A student at Dartmouth College who says she was sexually assaulted on campus last month has inspired nearly 50,000 activists to call on university officials to "take action immediately to curb the sexual assault crisis" on campus.
The student said she was raped at a fraternity party weeks after a a student-affiliated website published a "rape guide" providing her name and a series of "tips" encouraging students to assault her. The incident inspired the feminist advocacy group UltraViolet to start a petition demanding accountability from the Dartmouth administration, and the issue has generated an outpouring of support and demands for change from across the country.
“Student groups have asked the school to list expulsion as the punishment for rape in the student handbook and to block access to the ‘rape guide’ website on campus. But school authorities haven’t taken any of these recommendations seriously,” the petition states. “Usually, stories like this get little attention from the news media.

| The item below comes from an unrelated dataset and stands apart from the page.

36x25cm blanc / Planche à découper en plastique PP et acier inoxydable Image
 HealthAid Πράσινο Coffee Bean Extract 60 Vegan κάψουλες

But if all of us speak up, Dartmouth won’t be able to hide.”
As Tara Culp-Ressler at ThinkProgress notes, Dartmouth is currently under federal investigation for alleged Title IX violations, and students have also filed a Clery Act complaint stating that school officials have failed to properly report sexual assault and hazing incidents on campus.
UltraViolet campaign Director Karin Roland told ThinkProgress that she hopes the public outcry will lead to genuine reform. “Dartmouth has had a problem with rape and sexual assault for decades. They have a long history with this issue, and student groups on campus are finally fed up and are leading the charge,” she said. “With the help of an online network of members at Ultraviolet to capture the grassroots outrage, we can really make change on this right now."
She also said that online advocacy has helped the movement to combat sexual violence -- on campus and beyond -- reach a tipping point.
“Women are really fed up with rape being excused. I think that’s true on campuses, I think that’s true in our justice system, I think that’s true at the high school level, and I think that’s just becoming true across the country," Roland explained. "The ability to connect over online networks has really empowered women to stand up and do something. If you look at everything from the reaction to Todd Akin’s legitimate rape comment, to Steubenville, to Dartmouth, you can see that women aren’t putting up with it anymore.”
The outcry from activists across the country has helped keep Dartmouth in the headlines, but much of the work is coming from student activists and faculty members from the Dartmouth community.
An editorial from Women's and Gender Studies Professor Giavanna Munafo called on campus officials to institute policies that directly addressed sexual assault on campus. "Dartmouth has harnessed a great many resources in recent months to combat sexual assault, and this is, indeed, a good thing. But it is not enough," she wrote. "No bystander training program, no committee, no first-responder training or added staff positions will stop rape or transform a culture that accepts and even promotes it."
Dartmouth officials have responded to the petition by pointing out that the student responsible for the "rape guide" is currently facing disciplinary action, and it committed to making the Dartmouth community "better and safer.”
Dartmouth is just one of the 41 colleges and universities under investigation by the U.S. Department of Education's Office for Civil Rights for potential violations of Title IX.